- 38°37′08″N 39°28′12″E﻿ / ﻿38.6189°N 39.47°E
- Type: tell, cemetery, human settlement
- Periods: Chalcolithic, Early Bronze Age, Early Iron Age, Middle Ages
- Location: Elazığ Province, Turkey

Site notes
- Elevation: 855 m (2,805 ft)
- Height: 35 m (115 ft)
- Length: 800 m (2,600 ft)
- Width: 600 m (2,000 ft)
- Area: 8.2 ha (20 acres)
- Excavation dates: 1968–1974
- Archaeologists: Harald Hauptmann
- Condition: flooded

= Norşuntepe =

Archaeological mound in Turkey

Norşuntepe is a tell, or archaeological settlement mound, in Elazığ Province (Turkey). The site was occupied between the Chalcolithic and Iron Age and is now partially submerged by Lake Keban. It was excavated between 1968 and 1974.

== The site and its environment ==
Before it was flooded, Norşuntepe was located on the Altınova Plain near the mouth of the Murat River (downstream from the town of Palu, Elazığ).

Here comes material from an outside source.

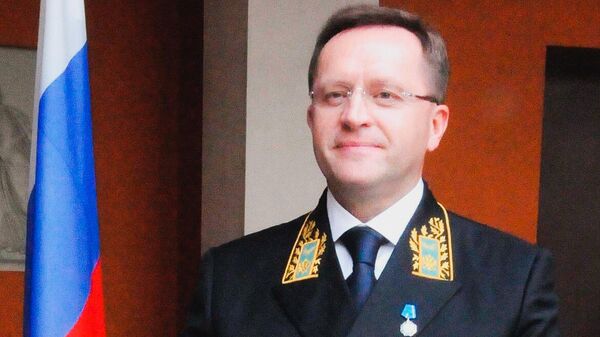 Михаил Ванин - посол Российской Федерации в Латвийской Республике  - Sputnik Латвия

It is now partially submerged by the reservoir created by the Keban Dam; its top is still above the water level. The site consists of a central hill or "acropolis" measuring 140 by 100 m and 35 m high, making it the largest tell in the area. The central hill is surrounded by lower terraces encompassing an area of 800 by 600 m.

== History ==
Norşuntepe was occupied from the Chalcolithic to the Iron Age. The excavators have recognized 40 different occupation levels ranging in date from the fifth millennium BC to ca. 600 BC. Its occupation levels overlap to a large degree with those excavated at nearby Arslantepe.

=== Chalcolithic ===
The Chalcolithic occupation at Norşuntepe can be divided in 3 phases. The oldest Phase I dates to the Middle Chalcolithic and included Ubaid-type pottery. Phase II represents the Late Chalcolithic and during its final levels, more complex architecture appeared in the excavated area.

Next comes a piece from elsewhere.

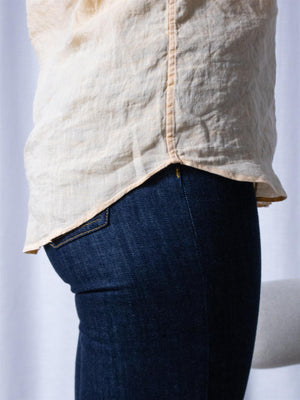 Stenströms Siri Shirt  Light Orange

====Phase II: Metallurgy and arsenical bronze ====
Also during Phase II, copper and arsenical bronze production was practiced at the site.

Norşuntepe provides first clear and unambiguous evidence of arsenical bronze production in this general area before the 4th millennium. It demonstrates that some form of arsenic alloying was being deliberately practised. Since the slag identified at Norşuntepe contains no arsenic, this means that arsenic-bearing materials were added separately. The evidence was discovered at the levels with Ubaid style ceramics, where also were found a number of structures related to the Mesopotamian architectural traditions. A related site in the area from the same time period is Değirmentepe, where arsenic-bronze was also produced around 4200 BC.

====Phase III====
The final Chalcolithic phases were characterized by small-scale single-room houses. Radiocarbon dating from the different Chalcolithic levels provided dates between 4300 and 3800 BC.

=== Early Bronze ===
After a hiatus, Norşuntepe was again occupied during the Early Bronze Age. The site reached a size of 3.2 hectares in the Early Bronze I and II periods and then shrank to 0.8 hectares in EB III. During this period, the site was surrounded by a mudbrick city wall built on a stone foundation. There is evidence for copper production and some sort of palace or large, central building appears at the site in the final phases. In terms of material culture and architecture, there are clear parallels with Transcaucasia, and the Kura–Araxes culture. The latest Early Bronze Age phase in Norşuntepe ends in fire.

=== Middle Bronze ===
The Middle Bronze Age settlement is smaller than its precursor and no evidence for a palace has been found.

=== Late Bronze ===
==== Mitanni period ====
The Late Bronze Age remains at Norşuntepe was heavily disturbed by later Iron Age activity, but some larger buildings have been excavated. This region would have been in the Mitanni Empire, the source of copper.

==== Hittite period ====
From around 1350 BC onwards, the Hittites gained influence in this region fighting the Mitanni Empire.

=== Iron Age ===
The Early Iron Age at Norşuntepe (1150–800 BC) is characterized by a shift away from Hittite material culture, possibly as a result of the influx of immigrants such as the Mushki. The settlement seems to have been restricted to the south terrace and may have had a rural character.

==== Urartu period ====
During its final occupation phases (800–600 BC), Norşuntepe was part of Urartu. A building with a large, columned hall was located on the mail hill, whereas a second large building, possibly a caravanserai, was excavated on the south terrace. A cemetery located on the hill top included a burial chamber where three horses together with gear and weapons were buried.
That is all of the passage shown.